- Rob Carnevale
- 25 June 2009
Public Enemies always had the potential to be special given that it’s a crime saga from the director of Heat that follows one of America’s most colourful outlaws, as played by one of Hollywood’s most versatile and talented stars.
Fortunately, Michael Mann’s latest is every bit as great as the build-up suggests, with Johnny Depp typically mesmerising as John Dillinger. Based on Bryan Burrough’s book, Public Enemies: America’s Greatest Crime Wave and the Birth of the FBI, 1933–34, the film chronicles Dillinger’s Depression-era crime spree and how it brought about a change in tactics by the FBI.
It’s packed with fascinating characters (from Feds Melvin Purvis and J Edgar Hoover to criminals Baby Face Nelson and Pretty Boy Floyd) and overflowing with bank robberies, shoot-outs and prison breaks.
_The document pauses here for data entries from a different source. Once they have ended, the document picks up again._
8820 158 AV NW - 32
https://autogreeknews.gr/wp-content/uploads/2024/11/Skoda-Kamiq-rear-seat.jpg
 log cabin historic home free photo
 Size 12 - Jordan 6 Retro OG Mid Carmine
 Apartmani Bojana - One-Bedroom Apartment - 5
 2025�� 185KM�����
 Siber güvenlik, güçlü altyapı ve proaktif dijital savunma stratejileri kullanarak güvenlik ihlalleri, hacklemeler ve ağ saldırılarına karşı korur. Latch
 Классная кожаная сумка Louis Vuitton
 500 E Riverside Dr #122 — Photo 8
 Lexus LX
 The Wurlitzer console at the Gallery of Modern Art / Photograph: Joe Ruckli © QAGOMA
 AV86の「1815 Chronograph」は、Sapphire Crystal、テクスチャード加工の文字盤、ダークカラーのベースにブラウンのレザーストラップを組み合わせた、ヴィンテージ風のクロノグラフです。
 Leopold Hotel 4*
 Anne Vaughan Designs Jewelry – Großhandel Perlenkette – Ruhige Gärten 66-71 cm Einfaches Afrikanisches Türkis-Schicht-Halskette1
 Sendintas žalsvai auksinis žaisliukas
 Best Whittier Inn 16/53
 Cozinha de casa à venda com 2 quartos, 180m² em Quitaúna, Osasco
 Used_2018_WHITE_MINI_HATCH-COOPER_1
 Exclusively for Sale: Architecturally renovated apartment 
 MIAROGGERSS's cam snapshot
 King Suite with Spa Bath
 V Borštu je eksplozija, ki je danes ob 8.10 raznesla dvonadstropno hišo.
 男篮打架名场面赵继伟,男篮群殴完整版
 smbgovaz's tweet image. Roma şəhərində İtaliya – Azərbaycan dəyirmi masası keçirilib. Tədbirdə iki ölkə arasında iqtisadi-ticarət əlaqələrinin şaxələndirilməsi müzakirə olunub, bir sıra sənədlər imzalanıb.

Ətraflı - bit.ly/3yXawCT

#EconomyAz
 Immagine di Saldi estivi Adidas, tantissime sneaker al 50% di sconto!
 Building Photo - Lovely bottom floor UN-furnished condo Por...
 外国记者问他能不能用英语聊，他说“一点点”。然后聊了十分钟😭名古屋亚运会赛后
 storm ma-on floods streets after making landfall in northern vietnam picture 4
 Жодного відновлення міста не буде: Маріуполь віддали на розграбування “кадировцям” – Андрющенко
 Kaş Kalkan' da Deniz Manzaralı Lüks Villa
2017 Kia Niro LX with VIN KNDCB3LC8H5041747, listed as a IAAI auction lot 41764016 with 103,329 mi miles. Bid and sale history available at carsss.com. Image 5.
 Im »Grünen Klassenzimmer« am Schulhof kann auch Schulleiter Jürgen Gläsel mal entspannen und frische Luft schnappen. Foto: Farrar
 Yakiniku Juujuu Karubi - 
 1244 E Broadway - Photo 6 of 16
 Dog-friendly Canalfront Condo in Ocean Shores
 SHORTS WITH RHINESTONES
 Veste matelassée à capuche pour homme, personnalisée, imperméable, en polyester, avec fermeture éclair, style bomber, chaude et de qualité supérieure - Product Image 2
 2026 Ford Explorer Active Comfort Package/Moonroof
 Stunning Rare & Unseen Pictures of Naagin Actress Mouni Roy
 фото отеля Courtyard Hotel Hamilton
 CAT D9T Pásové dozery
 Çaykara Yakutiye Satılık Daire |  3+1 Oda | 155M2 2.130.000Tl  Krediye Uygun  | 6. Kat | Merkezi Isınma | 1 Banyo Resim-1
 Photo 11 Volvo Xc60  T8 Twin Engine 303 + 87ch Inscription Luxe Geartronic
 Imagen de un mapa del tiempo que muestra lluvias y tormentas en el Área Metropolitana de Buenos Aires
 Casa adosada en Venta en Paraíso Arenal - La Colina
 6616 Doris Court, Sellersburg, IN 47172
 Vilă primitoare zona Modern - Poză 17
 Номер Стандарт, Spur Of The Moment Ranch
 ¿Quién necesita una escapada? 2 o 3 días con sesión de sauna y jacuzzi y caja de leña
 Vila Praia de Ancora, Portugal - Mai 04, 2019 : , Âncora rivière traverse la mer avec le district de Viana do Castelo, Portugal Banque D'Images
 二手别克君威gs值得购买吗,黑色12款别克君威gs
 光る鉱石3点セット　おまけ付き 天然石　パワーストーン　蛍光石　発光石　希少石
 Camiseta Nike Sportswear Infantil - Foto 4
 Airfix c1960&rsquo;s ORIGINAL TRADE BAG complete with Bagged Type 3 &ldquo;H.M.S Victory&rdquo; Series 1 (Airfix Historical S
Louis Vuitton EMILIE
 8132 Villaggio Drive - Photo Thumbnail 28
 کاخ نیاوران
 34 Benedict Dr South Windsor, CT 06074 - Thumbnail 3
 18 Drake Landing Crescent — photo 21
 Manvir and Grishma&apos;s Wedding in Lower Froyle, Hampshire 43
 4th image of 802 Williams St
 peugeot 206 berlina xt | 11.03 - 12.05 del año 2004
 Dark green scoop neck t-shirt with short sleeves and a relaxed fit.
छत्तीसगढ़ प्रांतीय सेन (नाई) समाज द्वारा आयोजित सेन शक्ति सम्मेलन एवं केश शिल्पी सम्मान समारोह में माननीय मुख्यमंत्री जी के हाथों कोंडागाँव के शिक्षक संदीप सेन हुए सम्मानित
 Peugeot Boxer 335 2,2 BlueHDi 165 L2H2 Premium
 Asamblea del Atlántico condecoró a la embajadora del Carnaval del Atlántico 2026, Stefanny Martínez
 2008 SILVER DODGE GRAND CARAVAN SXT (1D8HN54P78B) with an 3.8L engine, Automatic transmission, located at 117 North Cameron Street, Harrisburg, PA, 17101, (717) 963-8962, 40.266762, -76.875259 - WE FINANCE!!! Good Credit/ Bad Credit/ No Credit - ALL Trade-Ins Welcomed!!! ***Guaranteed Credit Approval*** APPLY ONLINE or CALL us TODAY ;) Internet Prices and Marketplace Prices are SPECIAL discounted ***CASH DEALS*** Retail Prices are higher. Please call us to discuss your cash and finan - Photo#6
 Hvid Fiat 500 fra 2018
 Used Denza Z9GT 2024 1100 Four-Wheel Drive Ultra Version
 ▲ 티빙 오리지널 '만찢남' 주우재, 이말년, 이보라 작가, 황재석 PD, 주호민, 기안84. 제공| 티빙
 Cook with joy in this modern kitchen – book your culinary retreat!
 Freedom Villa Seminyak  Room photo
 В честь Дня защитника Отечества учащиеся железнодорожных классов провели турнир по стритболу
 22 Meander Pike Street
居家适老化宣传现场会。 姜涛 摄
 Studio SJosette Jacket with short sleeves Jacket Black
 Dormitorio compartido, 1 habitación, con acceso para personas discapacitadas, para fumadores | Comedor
In short, it’s Mann doing what Mann does best.
As with Collateral and Miami Vice, the director has chosen to shoot much of the film in his now trademark hand-held style, which lends the films – and particularly its gunfights – an immediacy that makes the story all the more gripping.
His decision to use as many real locations as possible – including the site of Dillinger’s most famous gunfight at Little Bohemia Lodge in Wisconsin and the site of his death outside Chicago’s Biograph Theatre – heightens the authenticity.
There are minor niggles, such as the occasional distortion of history (Nelson’s fate, in particular, might grate), as well as not enough time or depth for Christian’s Bale’s Purvis or Stephen Graham’s Baby Face.
But Depp expertly combines the charisma that helped Dillinger to become dubbed America’s Robin Hood with the inherent danger of a violent, unpredictable gangster. His relationship with Marion Cotillard’s love interest Billie Frechette is nicely played and is genuinely moving. On this form, there are few finer actors working in mainstream Hollywood today.
Public Enemies is gripping, powerful stuff that, even at just shy of two-and-a-half hours, doesn’t feel long enough.
(15) 143min. General release from Wed 1 Jul.